What to do — Output every line below exactly, please, omitting pictures.

Given data —

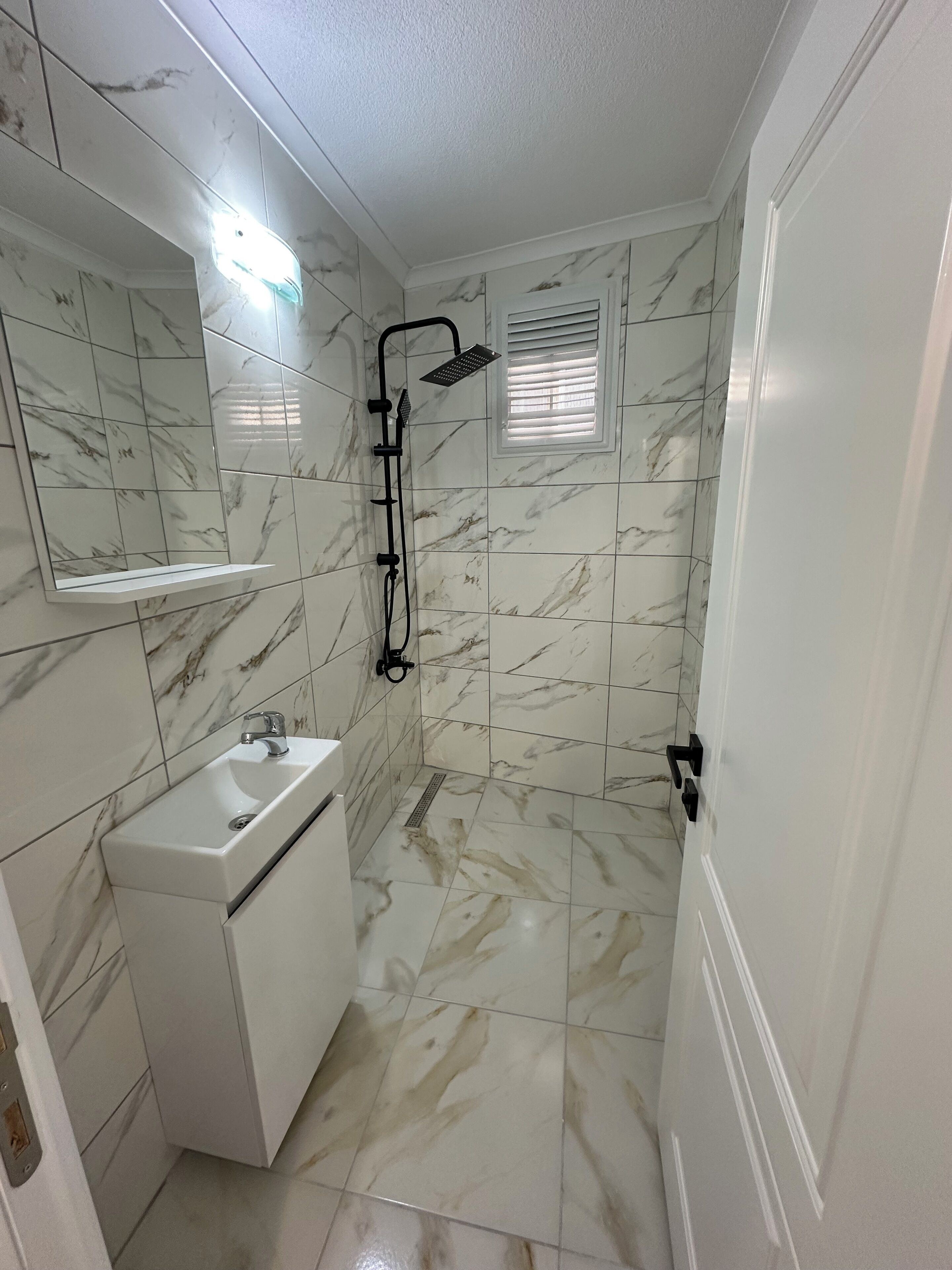 A bathroom with a white sink, a mirror, a shower with a handheld showerhead, and a window with blinds.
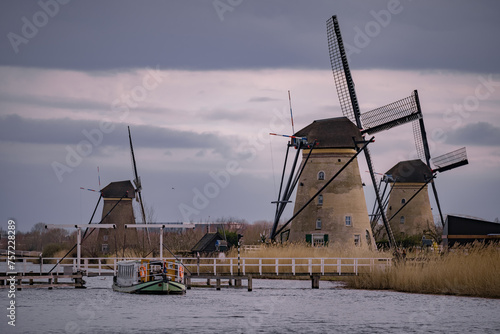 Windmills and a heavily cloudy sky in the winter, on the waterfront in Kinderdijk a national heritage in the Alblasserwaard. Medieval technological concept of water pumping with the help of wind
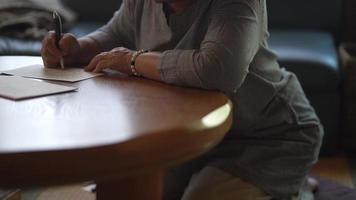 Woman writing a letter video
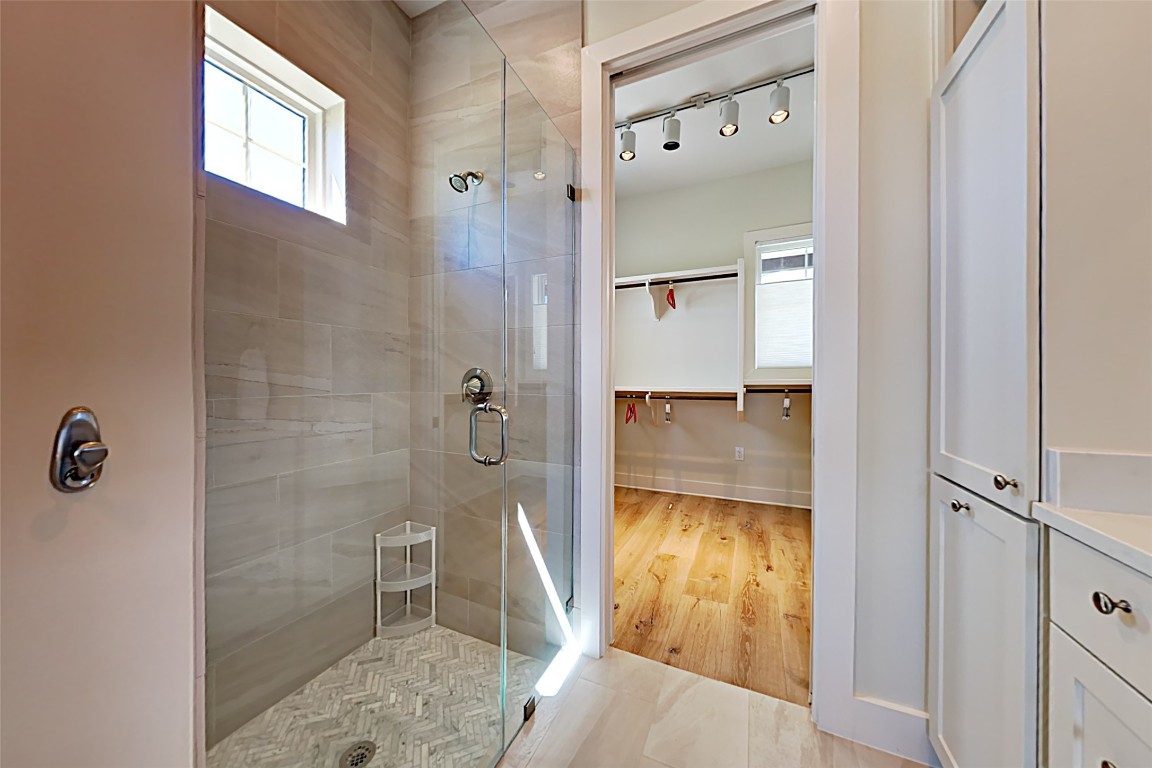 19517 Flying J Boulevard, Unit 6 Spicewood, TX 78669 - Photo 15 of 32 a bathroom with a granite countertop shower and a mirror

The answer —
 A bathroom with a white sink, a mirror, a shower with a handheld showerhead, and a window with blinds.
 Windmills and a heavily cloudy sky in the winter, on the waterfront in Kinderdijk a national heritage in the Alblasserwaard. Medieval technological concept of water pumping with the help of wind
 Woman writing a letter video
 19517 Flying J Boulevard, Unit 6 Spicewood, TX 78669 - Photo 15 of 32 a bathroom with a granite countertop shower and a mirror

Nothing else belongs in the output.